Pada saat ribuan orang sudah mulai memadati lapangan di pusat kota Kairo, Tahrir Square, dan bersiap ”menyerbu” istana Presiden untuk memaksa Mubarak mundur setelah 32 tahun berkuasa, Wakil Presiden Mesir Omar Suleiman masih mencoba bernegosiasi dengan oposisi.

Wartawan Kompas Musthafa Abd Rahman di Kairo melaporkan, Omar Suleiman pada Senin (31/1) malam menawarkan penyelenggaraan pemilihan umum (pemilu) ulang dalam beberapa pekan mendatang di distrik-distrik yang hasilnya ditolak oleh partai-partai oposisi pada pemilu legislatif November lalu. Ia juga meminta menggelar dialog dengan partai-partai oposisi dan berjanji melakukan reformasi politik.

”Saya mendapat mandat dari Presiden untuk melakukan kontak dengan partai-partai oposisi,” ujar Suleiman, yang disiarkan televisi-televisi Mesir.
Suleiman menyampaikan tawaran tersebut hanya beberapa jam setelah militer menyampaikan sejumlah sikap yang dipahami lebih pro-rakyat.

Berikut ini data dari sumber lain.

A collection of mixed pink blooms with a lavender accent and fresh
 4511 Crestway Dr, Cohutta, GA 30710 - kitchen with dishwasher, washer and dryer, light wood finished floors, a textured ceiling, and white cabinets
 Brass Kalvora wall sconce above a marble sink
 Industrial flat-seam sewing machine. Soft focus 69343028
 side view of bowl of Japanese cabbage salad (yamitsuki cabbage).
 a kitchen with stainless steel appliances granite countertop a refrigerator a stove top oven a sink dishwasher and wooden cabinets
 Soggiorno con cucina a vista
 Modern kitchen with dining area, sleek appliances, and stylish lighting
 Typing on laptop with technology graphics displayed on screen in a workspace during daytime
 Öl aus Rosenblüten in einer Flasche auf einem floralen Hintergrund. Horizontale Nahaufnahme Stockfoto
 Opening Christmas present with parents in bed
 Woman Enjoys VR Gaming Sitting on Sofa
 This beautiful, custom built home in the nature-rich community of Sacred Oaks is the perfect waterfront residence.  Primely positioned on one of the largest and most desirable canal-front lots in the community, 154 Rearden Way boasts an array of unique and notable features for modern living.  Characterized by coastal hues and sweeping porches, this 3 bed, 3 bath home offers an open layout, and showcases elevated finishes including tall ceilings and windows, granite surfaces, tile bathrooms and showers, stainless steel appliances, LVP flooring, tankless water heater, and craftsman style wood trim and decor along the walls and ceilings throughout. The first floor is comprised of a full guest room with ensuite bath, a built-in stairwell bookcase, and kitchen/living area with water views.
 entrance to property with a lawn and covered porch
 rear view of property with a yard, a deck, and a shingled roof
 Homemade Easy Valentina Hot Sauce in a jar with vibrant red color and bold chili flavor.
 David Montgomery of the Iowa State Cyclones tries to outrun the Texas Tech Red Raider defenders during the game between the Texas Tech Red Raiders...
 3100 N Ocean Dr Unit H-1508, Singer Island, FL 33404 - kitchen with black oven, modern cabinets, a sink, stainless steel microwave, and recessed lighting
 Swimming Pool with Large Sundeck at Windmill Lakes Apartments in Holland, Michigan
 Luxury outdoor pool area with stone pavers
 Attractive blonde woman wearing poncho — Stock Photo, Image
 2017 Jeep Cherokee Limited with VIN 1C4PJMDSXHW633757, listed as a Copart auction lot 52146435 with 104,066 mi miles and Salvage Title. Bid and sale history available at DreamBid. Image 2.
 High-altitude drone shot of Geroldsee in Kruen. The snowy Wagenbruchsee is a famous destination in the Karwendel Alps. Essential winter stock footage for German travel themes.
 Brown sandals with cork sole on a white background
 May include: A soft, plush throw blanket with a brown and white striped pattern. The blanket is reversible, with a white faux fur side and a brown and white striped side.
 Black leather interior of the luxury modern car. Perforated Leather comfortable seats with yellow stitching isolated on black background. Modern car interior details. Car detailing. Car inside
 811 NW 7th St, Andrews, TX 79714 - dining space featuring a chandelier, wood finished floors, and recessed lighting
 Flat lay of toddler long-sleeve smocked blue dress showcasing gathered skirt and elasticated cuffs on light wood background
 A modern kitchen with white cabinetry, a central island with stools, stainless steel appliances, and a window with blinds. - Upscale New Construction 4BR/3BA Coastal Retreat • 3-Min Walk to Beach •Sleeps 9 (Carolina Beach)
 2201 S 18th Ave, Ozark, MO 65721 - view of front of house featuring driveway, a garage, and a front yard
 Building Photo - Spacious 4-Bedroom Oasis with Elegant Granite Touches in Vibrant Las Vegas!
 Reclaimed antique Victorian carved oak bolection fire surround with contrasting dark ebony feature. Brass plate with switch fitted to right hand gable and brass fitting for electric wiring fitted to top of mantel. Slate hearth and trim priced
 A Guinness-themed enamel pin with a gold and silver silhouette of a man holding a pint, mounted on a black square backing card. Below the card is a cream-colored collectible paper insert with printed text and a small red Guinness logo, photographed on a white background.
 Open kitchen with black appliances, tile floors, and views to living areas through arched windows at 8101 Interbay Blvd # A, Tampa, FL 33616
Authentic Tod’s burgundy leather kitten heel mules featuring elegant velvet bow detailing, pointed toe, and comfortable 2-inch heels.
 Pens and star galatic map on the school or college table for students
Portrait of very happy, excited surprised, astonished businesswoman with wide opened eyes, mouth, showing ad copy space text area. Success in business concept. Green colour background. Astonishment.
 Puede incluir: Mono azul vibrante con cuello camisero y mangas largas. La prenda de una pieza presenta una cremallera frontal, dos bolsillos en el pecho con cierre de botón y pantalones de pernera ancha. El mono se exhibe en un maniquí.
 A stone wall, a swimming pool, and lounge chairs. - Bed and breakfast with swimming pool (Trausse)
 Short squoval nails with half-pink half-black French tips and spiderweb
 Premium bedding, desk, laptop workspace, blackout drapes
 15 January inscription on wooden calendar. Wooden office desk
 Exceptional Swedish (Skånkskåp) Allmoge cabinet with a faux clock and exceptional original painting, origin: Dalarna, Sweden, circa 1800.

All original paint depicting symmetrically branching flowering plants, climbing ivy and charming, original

Di antara sikap yang ditegaskan militer itu adalah militer memahami tuntutan rakyat saat ini dan militer tidak akan menggunakan kekerasan terhadap rakyat.

Sikap militer itu membuat pemerintahan Presiden Hosni Mubarak berada di persimpangan jalan. Mubarak, dalam sidang pleno dengan kabinet baru yang diumumkan pada Senin malam, meminta pemerintah baru memberantas segala bentuk korupsi dan menindak keras para pelakunya, apa pun jabatannya.

Kekuatan-kekuatan politik oposisi diberitakan sedang mengadakan pertemuan tertutup untuk mengambil sikap terhadap ajakan dialog dari Pemerintah Mesir. Pakar politik Arab, Azmi Bishara, mengatakan, tawaran Suleiman dan penegasan sikap militer Mesir menunjukkan bahwa rezim Mubarak semakin terjepit dan rakyat semakin berada di atas angin.

Menurut Bishara, tawaran Suleiman sudah terlambat. Rakyat tidak akan percaya kepada Suleiman karena dia adalah bagian dari rezim. ”Suleiman sebagai kepala intelijen selama ini harus ikut bertanggung jawab atas kebijakan pemerintahan Mubarak. Bagaimana rakyat percaya kepada Suleiman?” ujar Bishara.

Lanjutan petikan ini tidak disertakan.